DATA EXCERPTS
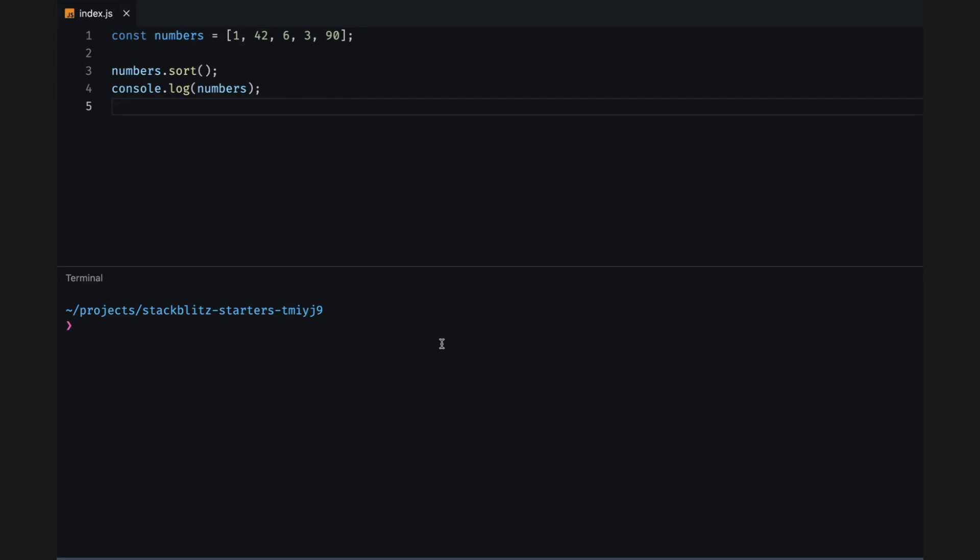The sort method of an array sorts the elements of the array in place and returns the same array, but in sorted order. The default sort is ascending, and it sorts by converting the elements into strings, then comparing their Unicode values.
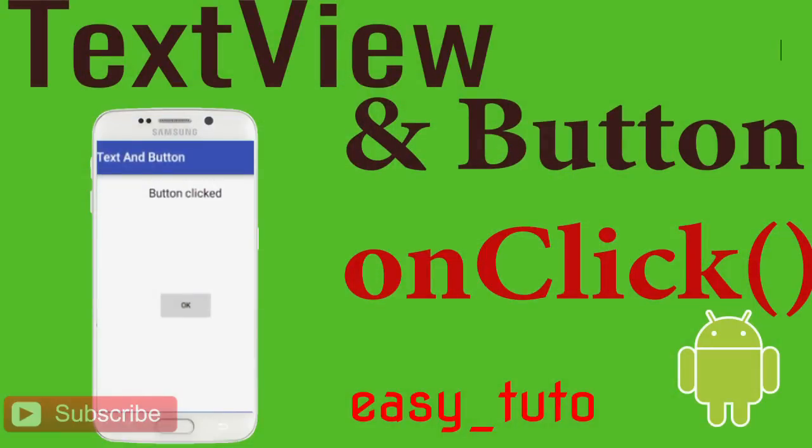What is going on guys, welcome to this brand new video about Android application development in Android Studio. In this video we will learn some basic stuff about text and buttons in Android. We will add text and a button in the application, and on click of that button we will change the text.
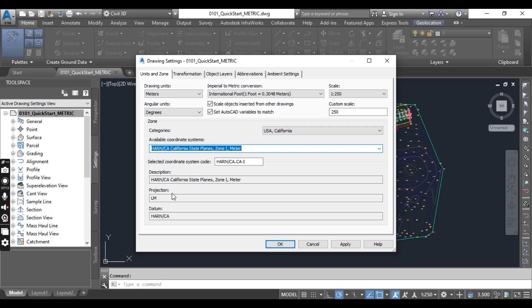In the next exercise, we will practice how to set a drawing coordinate system in AutoCAD Civil 3D before taking a quick start on our project.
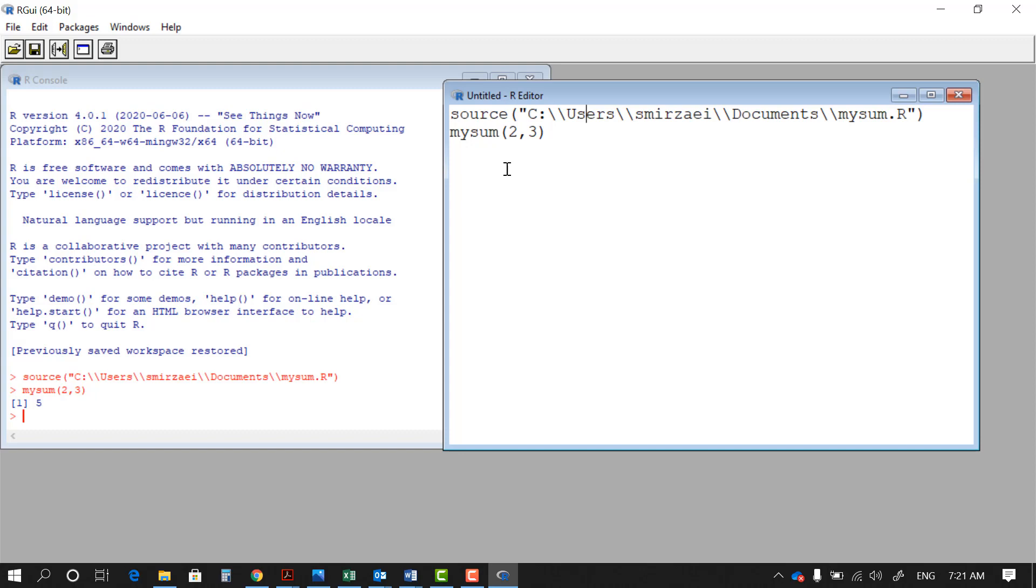With this our initial lesson in making functions in R has concluded. Please refer to your blackboard for your assignments. Thank you.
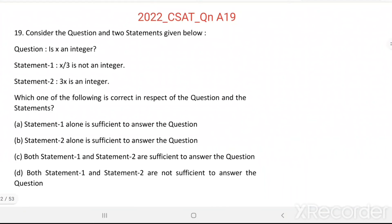Question number 19. Consider the question and two statements given below. Question: Is x an integer? Statement 1: x by 3 is not an integer. Statement 2: 3x is an integer.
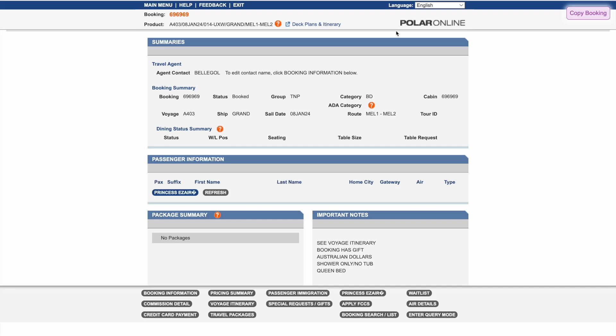Here we see a princess cruise booking we've just made in Polar. Normally an agent would now go through and manually copy-paste the booking number, ports, dates, itinerary, cabin details, etc. This can take 5 to 10 minutes per booking, and is one of the most soul-sucking parts of being a travel agent.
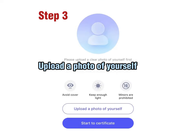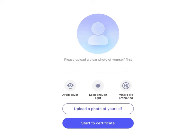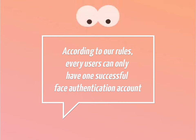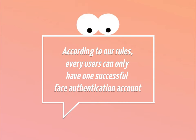Step 3: Upload a photo of yourself. Please take care to avoid facial covering, ensure sufficient light source, and avoid uploading illegal photos. According to our rules, every user can only have one successful Face Authentication account.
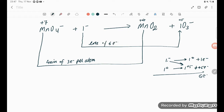The rule says the increase and decrease in the number of electrons must be equal. So we multiply the Mn half by 1, giving −6 electrons (gain), and multiply the I half by 2, giving 3 × 2 = 6 electrons (loss). Now the gain and loss are both 6 electrons and are balanced.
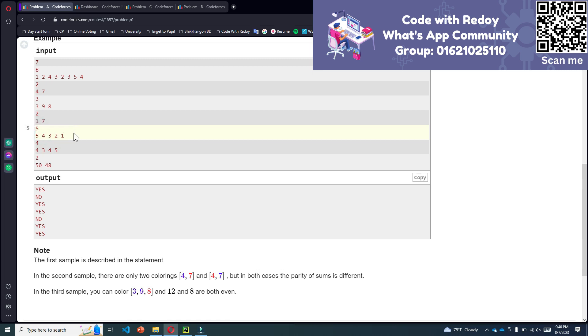So let's check test case number 5: the answer is no.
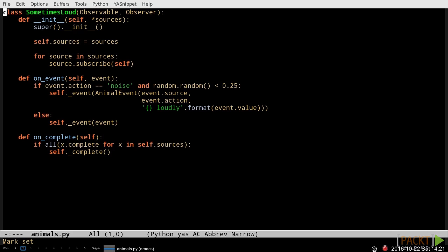Because the sequence of modified events is still a sequence of events, and not much use if another observable can't subscribe to it. This is fundamentally what happens in any reactive programming system when we apply an operator to an observable sequence to create a new observable sequence.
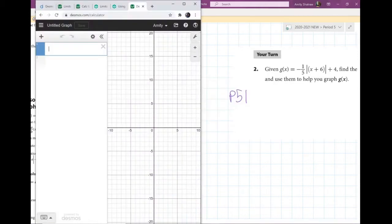All right, here we go. In class my video didn't turn out so great, and some of you might not have been able to hear me when we were going over how to use Desmos. So here's a new video. This is problem number two on page 51 of your book.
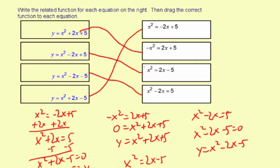So once again, this is just practicing the first step in solving by graphing. Once you have the related function, you would plot the graph and then find the points where the graph crosses the x-axis, and those would be your solutions.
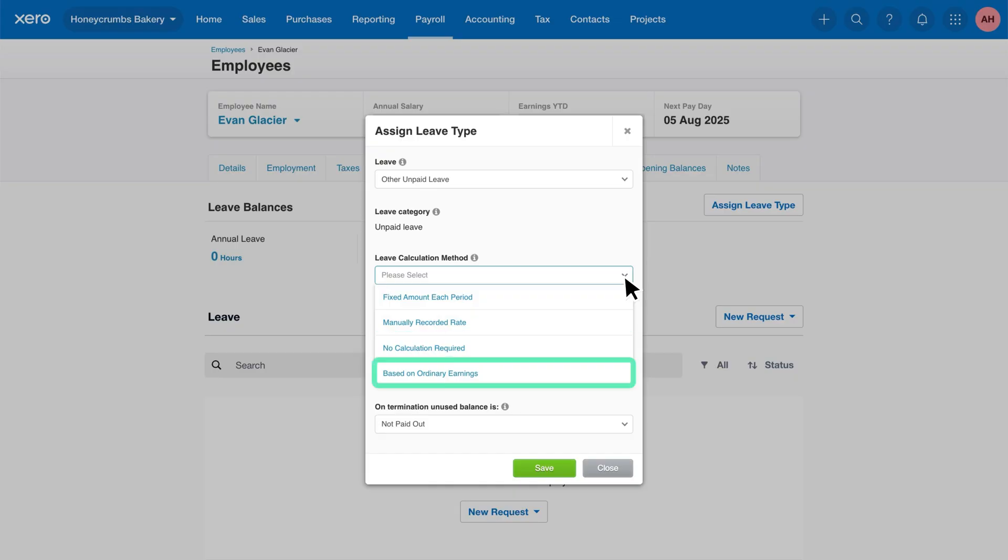Based on ordinary earnings. This is a handy option for employees with variable hours, like part-time employees. Just enter the annual leave hours for a full-time employee, and Xero will automatically calculate the accrual based on the hours they actually worked.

WORK ORDER
What is wanted is the listing, written out exactly, with each picture removed.

TASK SOLUTION
The sort method of an array sorts the elements of the array in place and returns the same array, but in sorted order. The default sort is ascending, and it sorts by converting the elements into strings, then comparing their Unicode values.
What is going on guys, welcome to this brand new video about Android application development in Android Studio. In this video we will learn some basic stuff about text and buttons in Android. We will add text and a button in the application, and on click of that button we will change the text.
In the next exercise, we will practice how to set a drawing coordinate system in AutoCAD Civil 3D before taking a quick start on our project.
With this our initial lesson in making functions in R has concluded. Please refer to your blackboard for your assignments. Thank you.
Question number 19. Consider the question and two statements given below. Question: Is x an integer? Statement 1: x by 3 is not an integer. Statement 2: 3x is an integer.
Here we see a princess cruise booking we've just made in Polar. Normally an agent would now go through and manually copy-paste the booking number, ports, dates, itinerary, cabin details, etc. This can take 5 to 10 minutes per booking, and is one of the most soul-sucking parts of being a travel agent.
Step 3: Upload a photo of yourself. Please take care to avoid facial covering, ensure sufficient light source, and avoid uploading illegal photos. According to our rules, every user can only have one successful Face Authentication account.
The rule says the increase and decrease in the number of electrons must be equal. So we multiply the Mn half by 1, giving −6 electrons (gain), and multiply the I half by 2, giving 3 × 2 = 6 electrons (loss). Now the gain and loss are both 6 electrons and are balanced.
So let's check test case number 5: the answer is no.
Because the sequence of modified events is still a sequence of events, and not much use if another observable can't subscribe to it. This is fundamentally what happens in any reactive programming system when we apply an operator to an observable sequence to create a new observable sequence.
All right, here we go. In class my video didn't turn out so great, and some of you might not have been able to hear me when we were going over how to use Desmos. So here's a new video. This is problem number two on page 51 of your book.
So once again, this is just practicing the first step in solving by graphing. Once you have the related function, you would plot the graph and then find the points where the graph crosses the x-axis, and those would be your solutions.
Based on ordinary earnings. This is a handy option for employees with variable hours, like part-time employees. Just enter the annual leave hours for a full-time employee, and Xero will automatically calculate the accrual based on the hours they actually worked.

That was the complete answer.